I worked for the county so my retirement/disability is more than social security. I am not complaining, but it in no way allows me to keep my suburban home, get a new car, etc. It is not doable.

Thus, knowing exactly what I have to live on, and that it is not going to change much in the future, I am looking to build a life that allows me to have everything I want and need on that income.

As I posted before, I am looking at existing Amish Farms for sale in low tax areas. Looking at ideas to insure our energy needs without relying on the system. 

Just today my adult son came over and played cards with the baby ( six ), that was much more fun than paying $50.00 for us all to see a movie and popcorn. 

I am appreciative of this thread and will be headed to the library ( or half price books ) to get the books suggested.


----------



## flayer (Jan 15, 2011)

*Ayup*

 I was being funny, but still, if I can't find cash to set up an emergency cache of food and water I don't see what is wrong with charging it and being prepared. A piecemeal effort will get me prepared in a yr or two of scrimping or.. I can be set for say 6 months within a week or so and have the peace of mind...I can't eat credit though I have more than is safe, neither can the 4 people who depend on me for their lives.


----------



## TimB (Nov 11, 2008)

Immolatus said:


> I couldnt agree more, but at least around here, someones got to do it. Everyone thinks Im nuts, and Im ok with that.
> 
> When we refer to 'zombies' we are referring to the hordes of people who will be without. If it comes to the point where there are massive food shortages, then the people who cant fend for themselves will become rampaging hordes, looting and pillaging everything they can to survive.
> Mobs of people with one thing on their minds. (BRAAIIINS! )
> ...


Bingo! My idea of Zombies are exactly as Immolatus describes. As HB (and others) said, I feel something coming, and it doesn't appear to be anything good.  And I don't think it's going to have a storybook ending.

Tim


----------



## Jezcruzen (Oct 21, 2008)

tenOC said:


> (1) Our economy is a consumer (and thus debt) based scheme. The US Dollar is a debt instrument. Each one exists only because it was lent to us by a bank system and not a government entity. We have the benefit of being the currency of the world and oil is denominated by Dollars, but if we aren't borrowing/spending or attracting foreign investment, our currency takes a hit.
> 
> (2) I believe Ferfal308 from Argentina posted that it was a benefit to run up debt in a hyperinflation/currency reset event. Ideally, wouldn't you only borrow up to your ability to pay for what you didn't want to lose or could pay off, or were willing to lose?

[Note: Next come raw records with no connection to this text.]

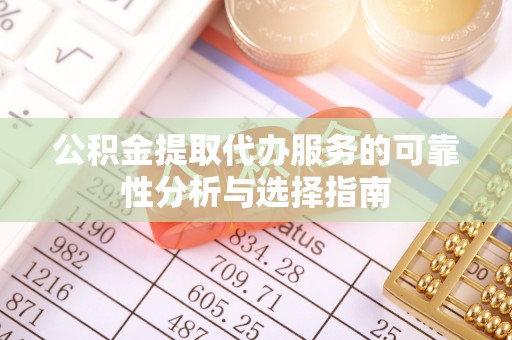容县公积金提取代办服务的可靠性分析与选择指南
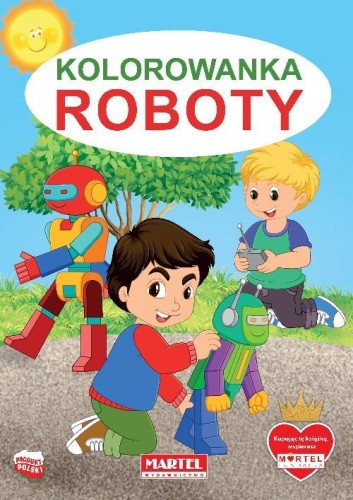 Kolorowanka - Roboty, praca zbiorowa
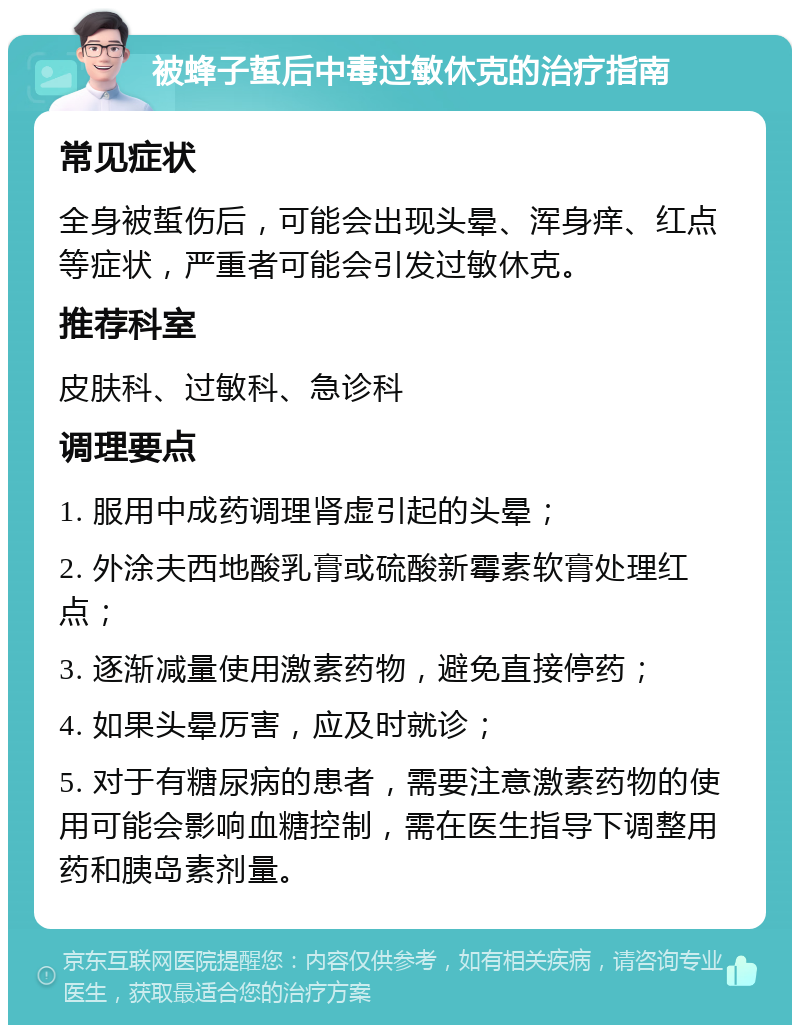 被蜂子蜇后中毒过敏休克的治疗指南 常见症状 全身被蜇伤后，可能会出现头晕、浑身痒、红点等症状，严重者可能会引发过敏休克。 推荐科室 皮肤科、过敏科、急诊科 调理要点 1. 服用中成药调理肾虚引起的头晕； 2. 外涂夫西地酸乳膏或硫酸新霉素软膏处理红点； 3. 逐渐减量使用激素药物，避免直接停药； 4. 如果头晕厉害，应及时就诊； 5. 对于有糖尿病的患者，需要注意激素药物的使用可能会影响血糖控制，需在医生指导下调整用药和胰岛素剂量。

BINGO on #1. Our "cash" isn't even money. Its a promissory note based totally on debt. Its only value is that someone else is willing to take it as "payment".

I worked for a city fire dept. I would watch the rookies come in. In their first year several things usually occurred - they gained 20lbs, they bought a new truck, they got married, then they bought a new home (or "almost" new). Much older and higher paid, I could only shake my head as to how they were doing it. I knew that I couldn't afford it. I would get into my old '75 Toyota 4X4, which I kept for 13 years, and putt on home to my modest little house.

Yes, they did go into debt... up to their eyeballs! They usually worked a second job (as most of us firefighters did) and their wife worked full time. So, it took three paychecks to maintain their solvency. A loss of any of the three and it was well onto the road to insolvency. No thanks. I couldn't have stood the stress of all that.


----------



## Clarice (Aug 19, 2010)

If you plan to purchase your supplies with a credit card only charge what you can payoff in one month. Another draw back is if you purchase a noticeably large amount of supplies anyone can track your purchases of the food patrol when they decide you need to share what you have stored. As long as you have debt you are a slave to that debt.


----------



## Obligated (Apr 11, 2011)

Ezmerelda said:


> I'm basing my preps partially on what I learned from a book about the Great Depression - A Nickel's Worth of Skim Milk.
> 
> The author was a child during that time. His family was one of the "lucky" ones, because they had an old well in the back yard that they were able to clean out and draw water from, so when they had to turn their water service off, they had another source of water. They also had a grape vine and a small vegetable garden. They did without electricity, and used candles and lanterns for light.
> 
> I need to read it again. For being about the Great Depression, I actually found it to be uplifting. Times were hard, but if you had some things in place, it wasn't unsurvivable.


THANK YOU!!!! After your post I began searching for the book " A Nickel's Worth of Skim Milk". I finally gave up and bought it used via Amazon. I LOVE this book and the characters. After two days I am almost finished, I could have finished in one day but I do not want it to end. My heart broke reading Mr. Hastings had died in the late 1990's. What an invaluable resource he was and has left us in this book.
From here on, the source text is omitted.